パノス聖王国の聖騎士は程度の差はあれ、戦闘能力において優れたものに与えられる階級だ。そこいらの騎士程度なら倍程度であれば蹂躙できる……クレイトスにはその自負があった。それは他の男達も同様だ。クレイトスの横に立った男が、クレイトスの言葉に続けて嘲るような表情で口を開く。


「むしろ全員揃えて魔族に殺された事にしてやるよっ……!」


その言葉の終わりに合わせて男がアーシェリカの方に掌を向けた。直後、その場所に人の頭位の火弾が出現し……間髪入れずアーシェリカ達の方に向けて放たれる。

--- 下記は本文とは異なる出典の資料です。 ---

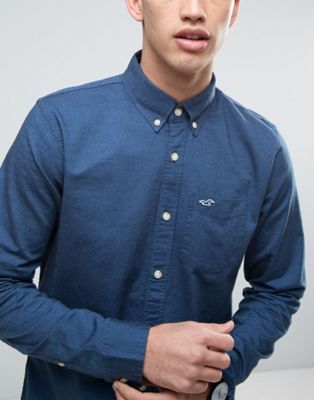stretch oxford muscle fit shirt hollister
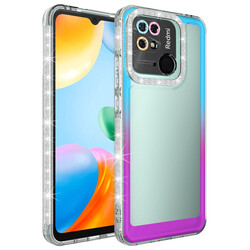 Xiaomi Redmi 10C Case Silvery and Color Transition Design Lens Protected Zore Park Cover - Zore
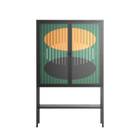 Soul Split - Loft Cabinet - Oluwaseyi Samuel Adebayo - Antracite - Overlay Glass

アーシェリカの元で爆発が起きる。その爆音の中、クレイトスは声を張り上げた。


「どうせ今のは結界で防がれてるだろ。まずは邪魔な騎士共を殺るぞ」

「「「おうっ!」」」


クレイトスの指示に従い、残りの三人も即座に動く。二人は先ほどの男と同様魔術を、残りの一人は剣を抜き放ち騎士の方へと向かって走る。が、次の瞬間悲鳴があがった。


「なんだ!? 魔術が発動しねぇ!」

「こっちもだ!」


魔術を放とうとした二人だが、その周囲には何の効果も表れず困惑する。

更には突撃した男も、


「ぐごっ!?」


爆炎の中から現れた小柄な姿に衝撃を叩き込まれて、無様に地面に転がされる事になった。さすがに即座に立ち上がったが、ダメージはきっちり入ってしまったようで大きくせき込む。


「は?」


その光景に、おもわずクレイトスの口から間抜けは声が漏れた。アーシェリカの実力は知っているのでさすがに秒殺などとは考えていなかったが……まさか二人が魔術を失敗し、事肉弾戦だけでいえば5人の中でもっともすぐれた男があっさりと殴り倒された現実にだ。


あまりに想定外な状況に、思考が遅れてしまう。


そして、そのまま追いつくことはなかった。次の瞬間クレイトスは突如目の前に現れた金色の何かに光を撃ち込まれ、その意識を消し飛ばしてしまっていたので。


●視点変更:リン


「はい、お仕事終わりっと」

「お姉様、お疲れ様ですわ!」


向こうのクレイトス、だっけ? リーダー格の男を吹っ飛ばした後そのまま森の中へと飛び込びその場を離れた私に、フレアが抱き着いてくる。その柔らかい体を受け止めながらもう一人この場にいる人間──ユキの方に視線を向けると、彼女は微妙な表情を浮かべていた。


「なんというか……お嬢様同志が抱き合っているのを見るとなんとも言えない気持ちになりますね」

「どんな格好していてもお姉様はお姉様ですわよ?」

「それはそうなんですが……」


ユキの言う通り、私は今フレアの姿に変身している。


シェリーに確認したところ、あの面子の中でクレイトスだけ一段上の実力だとの事だった。それでも正直アヤネと()()()()()騎士団の方々だったら対処できたと思うけど……わざわざリスク追う必要にないし、奴等を確実にボコすためにクレイトスだけ私がぶちのめす事にしたのだ。


ただ、現時点で私があの場所に直接姿を現すわけにはいかないから、フレアの姿を借りたんだ。あそこでもし私……というか現時点で魔王が関与しているとなると、いろいろ立てた作戦が台無しになっちゃうからねぇ。